As in the rest of the Spanish-speaking Caribbean, the Catholic hierarchy, while influential, was not then, nor later, a major and decisive political actor, in contrast with the more crucial role it played in many other Latin American countries. One of the main causes of the weakness of this oligarchy was the sharp limits on Cuban independence established by the United States through the Platt Amendment imposed on the Cuban Constitution of 1901 granting the United States the legal right to intervene in Cuban affairs, which the Cubans were forced to accept as a condition of the “independence” of the island.

This half-baked oligarchic arrangement came crashing down with the 1933 revolution that succeeded in overthrowing the Machado dictatorship and established for a short time a nationalist government—strongly supported by the popular classes—that introduced labor and social legislation, and with it the foundations of a Cuban welfare state.7 The US government refused to recognize this government, which was soon overthrown with US support by the new plebeian army leadership of sergeants led by Fulgencio Batista who eliminated the old officer class. After the overthrow of the progressive nationalist government, the United States, in an attempt to provide some legitimacy to the unpopular government controlled by the former sergeant now turned Colonel Batista, agreed in 1934 to abolish the Platt Amendment. In return for a greater degree of political self-rule, Batista accepted, in addition to concessions such as maintaining the US naval base at Guantánamo Bay, a new reciprocity treaty that perpetuated the reign of sugar, thereby hindering attempts to diversify the economy of the island through which other Latin American countries, such as Mexico, had achieved some success with their import substitution policies.

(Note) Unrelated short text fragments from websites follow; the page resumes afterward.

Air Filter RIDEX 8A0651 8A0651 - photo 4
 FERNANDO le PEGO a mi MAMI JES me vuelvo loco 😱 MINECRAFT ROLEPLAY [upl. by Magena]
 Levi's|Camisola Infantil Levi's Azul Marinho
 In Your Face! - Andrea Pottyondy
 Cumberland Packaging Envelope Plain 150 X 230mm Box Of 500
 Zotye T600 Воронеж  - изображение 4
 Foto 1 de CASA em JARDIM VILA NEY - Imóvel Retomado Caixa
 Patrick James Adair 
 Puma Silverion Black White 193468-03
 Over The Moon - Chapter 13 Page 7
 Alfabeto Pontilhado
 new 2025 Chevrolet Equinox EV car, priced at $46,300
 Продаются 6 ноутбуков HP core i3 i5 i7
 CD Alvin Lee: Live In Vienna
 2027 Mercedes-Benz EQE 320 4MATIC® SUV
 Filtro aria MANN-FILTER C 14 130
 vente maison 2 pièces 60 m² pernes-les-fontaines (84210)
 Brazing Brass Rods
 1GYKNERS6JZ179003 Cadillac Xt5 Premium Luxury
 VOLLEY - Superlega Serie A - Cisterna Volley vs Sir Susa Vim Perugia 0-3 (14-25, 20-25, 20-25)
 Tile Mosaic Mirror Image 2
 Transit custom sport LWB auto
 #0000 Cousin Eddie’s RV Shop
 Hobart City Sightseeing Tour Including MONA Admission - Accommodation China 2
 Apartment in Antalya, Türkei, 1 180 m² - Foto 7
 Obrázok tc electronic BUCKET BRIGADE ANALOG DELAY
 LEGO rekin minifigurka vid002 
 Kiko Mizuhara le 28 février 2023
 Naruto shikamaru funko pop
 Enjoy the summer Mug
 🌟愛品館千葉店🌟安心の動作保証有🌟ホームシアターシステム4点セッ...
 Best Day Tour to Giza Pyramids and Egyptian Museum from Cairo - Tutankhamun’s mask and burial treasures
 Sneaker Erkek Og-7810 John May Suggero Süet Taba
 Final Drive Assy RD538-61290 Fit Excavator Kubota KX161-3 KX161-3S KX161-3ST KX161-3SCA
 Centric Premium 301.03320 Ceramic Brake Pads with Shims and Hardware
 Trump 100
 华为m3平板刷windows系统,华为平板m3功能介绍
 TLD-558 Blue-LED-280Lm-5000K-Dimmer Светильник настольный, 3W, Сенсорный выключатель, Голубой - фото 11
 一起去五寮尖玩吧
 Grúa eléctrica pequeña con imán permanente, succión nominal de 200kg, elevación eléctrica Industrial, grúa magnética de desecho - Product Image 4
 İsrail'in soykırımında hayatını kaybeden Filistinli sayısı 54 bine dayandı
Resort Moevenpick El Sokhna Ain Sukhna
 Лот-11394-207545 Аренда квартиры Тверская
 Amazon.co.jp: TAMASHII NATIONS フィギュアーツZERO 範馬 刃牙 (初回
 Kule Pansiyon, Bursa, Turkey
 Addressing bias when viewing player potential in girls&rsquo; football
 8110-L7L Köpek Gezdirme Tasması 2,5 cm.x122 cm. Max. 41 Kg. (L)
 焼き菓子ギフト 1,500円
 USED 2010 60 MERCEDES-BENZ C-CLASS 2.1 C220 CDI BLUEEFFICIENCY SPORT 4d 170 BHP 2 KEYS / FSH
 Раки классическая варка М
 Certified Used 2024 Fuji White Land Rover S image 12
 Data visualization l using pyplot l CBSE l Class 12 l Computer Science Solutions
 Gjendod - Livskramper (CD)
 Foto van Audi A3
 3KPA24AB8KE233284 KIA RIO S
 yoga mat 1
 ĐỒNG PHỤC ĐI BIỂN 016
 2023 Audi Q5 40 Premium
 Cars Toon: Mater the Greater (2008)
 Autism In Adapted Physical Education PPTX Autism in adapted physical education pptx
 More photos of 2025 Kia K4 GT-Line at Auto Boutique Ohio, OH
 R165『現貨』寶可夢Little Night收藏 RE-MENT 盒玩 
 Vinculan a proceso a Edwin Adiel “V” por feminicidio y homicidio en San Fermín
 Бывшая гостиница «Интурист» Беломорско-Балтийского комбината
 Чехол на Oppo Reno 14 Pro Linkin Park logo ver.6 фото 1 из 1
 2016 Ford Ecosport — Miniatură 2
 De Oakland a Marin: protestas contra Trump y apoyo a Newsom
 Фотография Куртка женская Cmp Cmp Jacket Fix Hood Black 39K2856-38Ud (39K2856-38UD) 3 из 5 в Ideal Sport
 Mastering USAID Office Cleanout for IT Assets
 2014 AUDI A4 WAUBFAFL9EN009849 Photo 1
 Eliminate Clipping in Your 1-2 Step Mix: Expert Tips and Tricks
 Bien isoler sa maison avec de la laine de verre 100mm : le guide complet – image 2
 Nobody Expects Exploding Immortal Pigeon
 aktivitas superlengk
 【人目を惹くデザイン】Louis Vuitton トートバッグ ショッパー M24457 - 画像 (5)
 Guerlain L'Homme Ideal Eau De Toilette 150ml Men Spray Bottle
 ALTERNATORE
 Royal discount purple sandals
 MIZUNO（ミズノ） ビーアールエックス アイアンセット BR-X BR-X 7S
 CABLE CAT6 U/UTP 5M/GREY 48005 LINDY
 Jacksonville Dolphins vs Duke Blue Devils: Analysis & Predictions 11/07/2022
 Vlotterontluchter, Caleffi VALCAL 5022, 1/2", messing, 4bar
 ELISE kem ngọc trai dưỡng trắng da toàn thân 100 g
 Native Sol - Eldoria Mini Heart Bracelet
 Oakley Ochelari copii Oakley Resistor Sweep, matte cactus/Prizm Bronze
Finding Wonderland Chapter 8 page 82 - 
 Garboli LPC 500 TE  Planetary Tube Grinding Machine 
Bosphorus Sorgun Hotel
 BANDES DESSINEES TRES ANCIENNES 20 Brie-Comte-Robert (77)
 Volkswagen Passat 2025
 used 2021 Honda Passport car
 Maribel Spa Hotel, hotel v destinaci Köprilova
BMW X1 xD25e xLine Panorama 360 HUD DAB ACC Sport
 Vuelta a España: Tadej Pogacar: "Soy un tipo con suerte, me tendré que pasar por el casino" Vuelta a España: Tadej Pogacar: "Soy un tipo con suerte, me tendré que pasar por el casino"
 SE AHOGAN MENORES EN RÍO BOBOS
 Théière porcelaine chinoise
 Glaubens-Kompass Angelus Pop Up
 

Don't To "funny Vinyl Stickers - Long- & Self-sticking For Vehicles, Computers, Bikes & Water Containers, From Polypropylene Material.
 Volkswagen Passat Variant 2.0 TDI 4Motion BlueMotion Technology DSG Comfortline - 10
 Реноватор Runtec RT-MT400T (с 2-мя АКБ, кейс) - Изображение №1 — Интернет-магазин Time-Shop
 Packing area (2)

This is how the 1933 revolution produced no permanent resolution of any of the major social questions affecting the island, including badly needed agrarian reform, and led instead to open counterrevolution and then, under the contradictory pressures of US capital and the world market on one hand, and of the ever-present threat of working class and popular unrest on the other hand, to a variety of state-capitalist compromises involving the significant state regulation of the economy that discouraged foreign investment. The most important example was the case of the sugar industry where the state established, in 1937, a corporate entity to oversee the industry (Instituto Cubano de Estabilización del Azúcar—ICEA) and a detailed set of regulations of labor conditions, wages, and production quotas for the industry as a whole as well as for each sugar mill. These were the kinds of institutional arrangements that framed the social and political modus vivendi of the next two decades of Cuban history.

No major social class emerged totally victorious after the 1933 revolution, and although capitalism and imperialism strongly consolidated themselves, a capitalist ruling class of equal strength did not, in part because of its reliance on the US as the ultimate guarantor of its fate against any possible internal threat to its power and privileges. Instead, there was a numerically important Cuban business class that did not really rule but bolstered its privileged position and benefited as much as it could from the governments of the day. This Cuban business class initially supported the Batista dictatorship in a purely opportunistic fashion, but later abandoned it as the very corrupt government shook down businesspeople without even being able to guarantee law and order and a predictable legal and business climate. This helps to explain why prominent members of the business class, such as the very wealthy sugar magnate Julio Lobo, helped to finance Fidel Castro’s 26th of July Movement before it came to power.8

The Batista sergeants’ coup also led to the emergence of a new army headed by the former sergeants suddenly turned into colonels and generals, who never recognized or ceded their control to the newly trained professional officers schooled in the island’s military academies, to serve the Constitution in a nonpartisan manner. Instead, the Cuban army remained a fundamentally political, mercenary army whose rank-and-file members served on a voluntary basis in exchange for a secure job and salary, devoid of any purpose or ideology except for the personal enrichment of its leaders and the meager benefits that trickled down to its ranks.9 This explains the failure of the attempt by the academy-trained professional military officers—the so-called puros (the pure)—to overthrow the Batista regime in 1956 and, more important, the general apathy and unwillingness of the soldiers to fight the 26th of July Movement rebels.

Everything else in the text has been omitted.